- Problem statement
Reproduce the listing that follows word for word, without its pictures.

- Given material
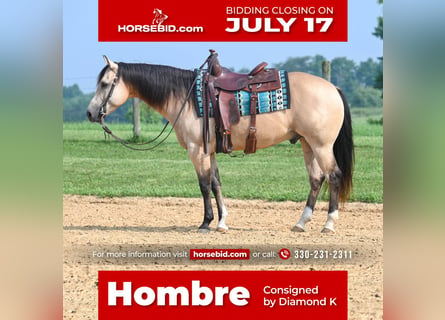 American Quarter Horse, Castrone, 8 Anni, 145 cm, Pelle di daino
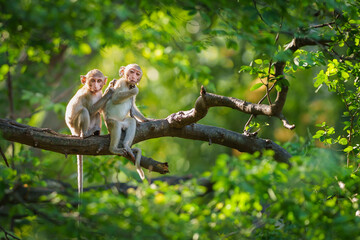Fototapeta premium Portrait, Two little monkeys or Macaca in a natural forest park sit on a branch and is looking, enjoy, happy. At Khao Ngu Stone Park, Ratchaburi, Thailand. Leave a blank and space for text entry.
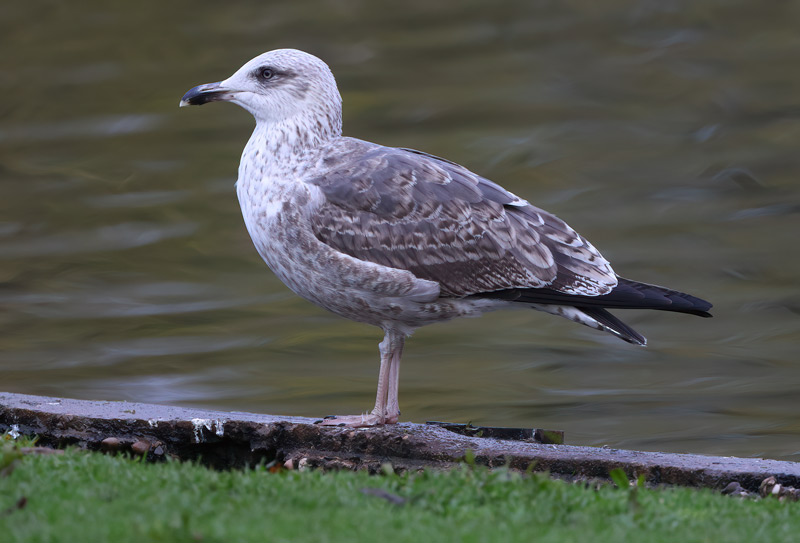 Second-winter Lesser Black-backed Gull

- Reply
 American Quarter Horse, Castrone, 8 Anni, 145 cm, Pelle di daino
Fototapeta premium Portrait, Two little monkeys or Macaca in a natural forest park sit on a branch and is looking, enjoy, happy. At Khao Ngu Stone Park, Ratchaburi, Thailand. Leave a blank and space for text entry.
 Second-winter Lesser Black-backed Gull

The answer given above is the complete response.